#### EXERCISE OBJECTIVE
Leaving the images aside, print every record in the material exactly.

#### SOURCE MATERIAL

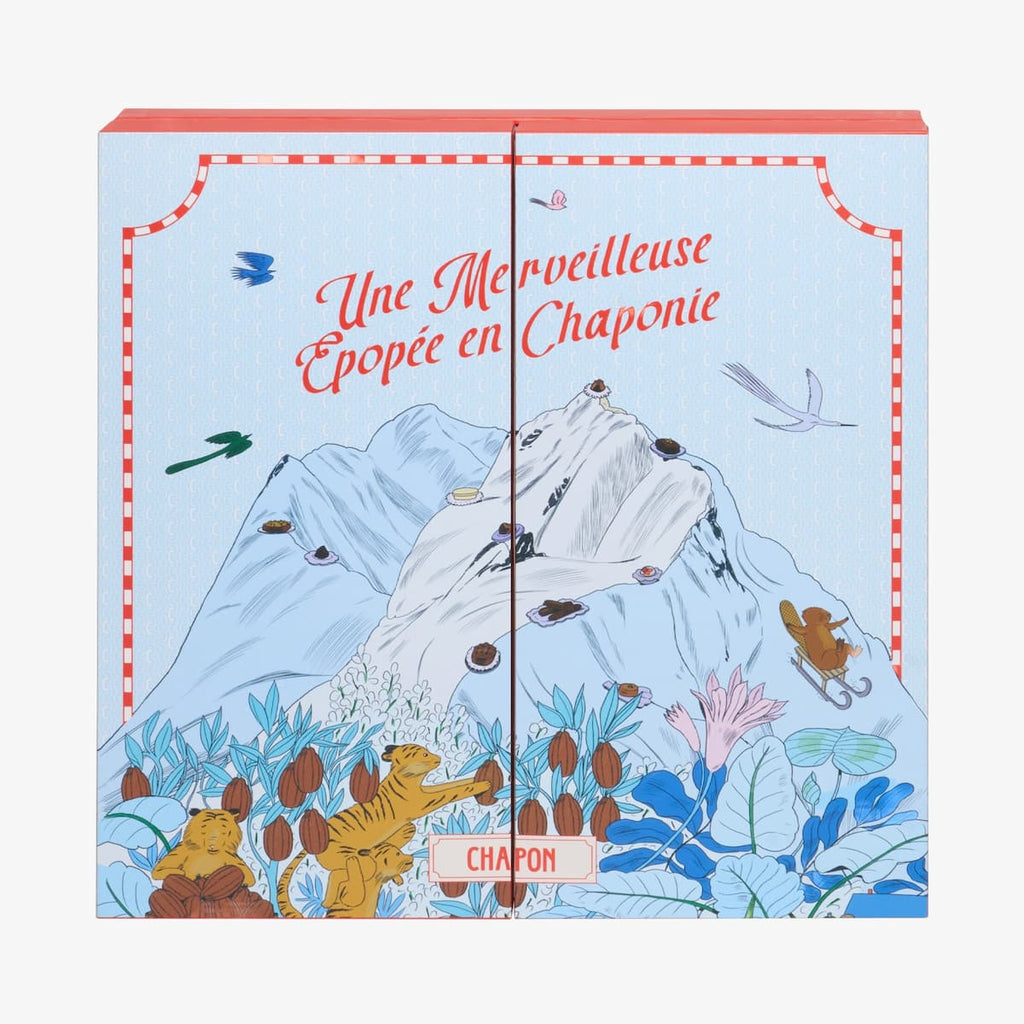 chapon_advent_calenderie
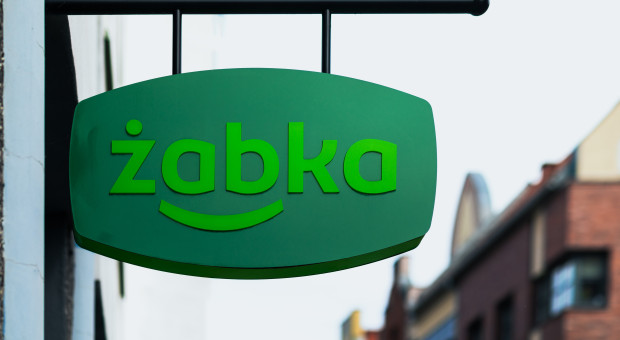 Cyberatak na Żabkę. Skradzione dane wystawiono na sprzedaż za grosze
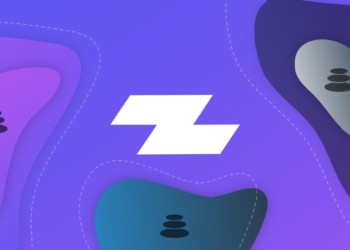 專欄觀點｜兩次攻擊事件後，自動造市商 Balancer 還有望改革 DEX 的格局？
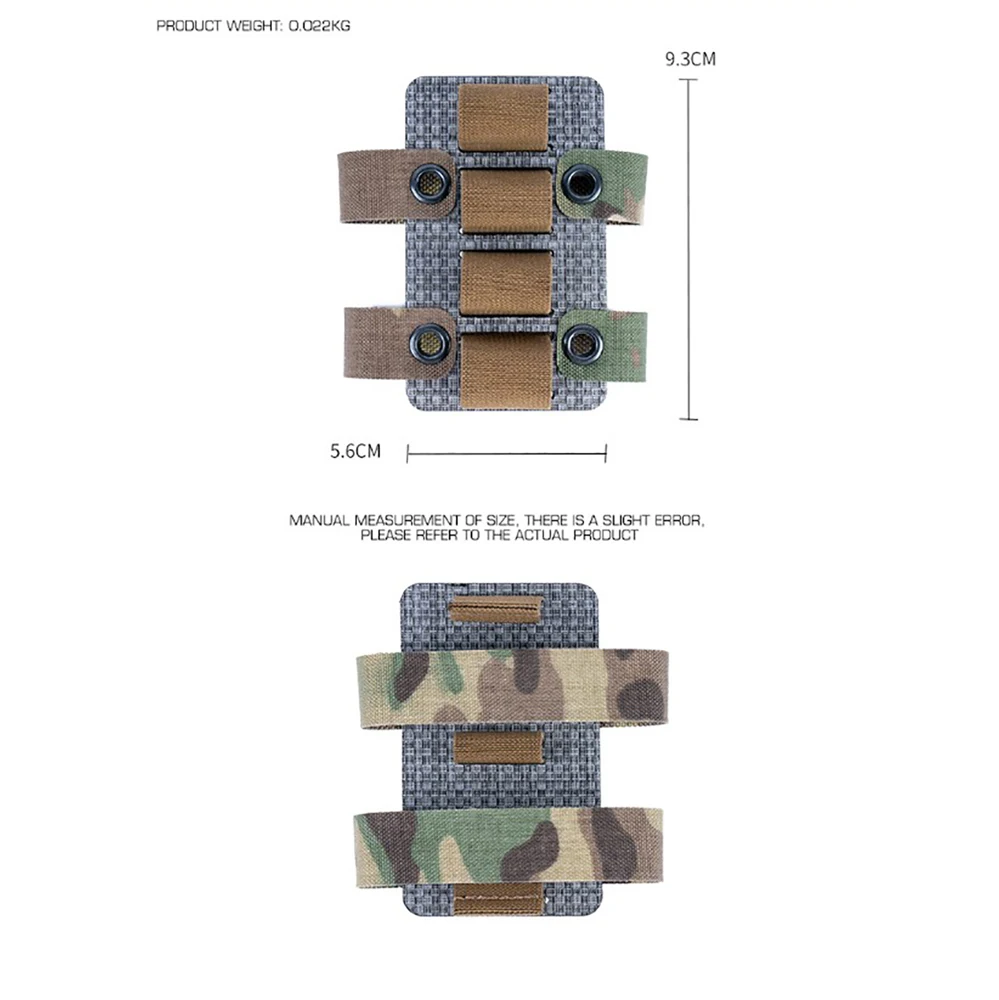 Tactical magazine dump bag, durable and quick-drawing magazine storage bag, shotgun accessory set, portable utility pocket
Tactical magazine dump bag, durable and quick-drawing magazine storage bag, shotgun accessory set, portable utility pocket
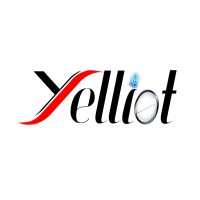 Yelliot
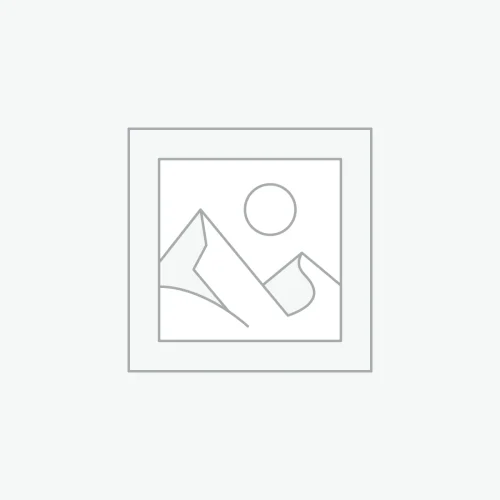 Головная часть (в комплекте с клапанами) для помпы BM 15.20 N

#### WRITTEN ANSWER
 chapon_advent_calenderie
 Cyberatak na Żabkę. Skradzione dane wystawiono na sprzedaż za grosze
 專欄觀點｜兩次攻擊事件後，自動造市商 Balancer 還有望改革 DEX 的格局？
 Tactical magazine dump bag, durable and quick-drawing magazine storage bag, shotgun accessory set, portable utility pocket
Tactical magazine dump bag, durable and quick-drawing magazine storage bag, shotgun accessory set, portable utility pocket
 Yelliot
 Головная часть (в комплекте с клапанами) для помпы BM 15.20 N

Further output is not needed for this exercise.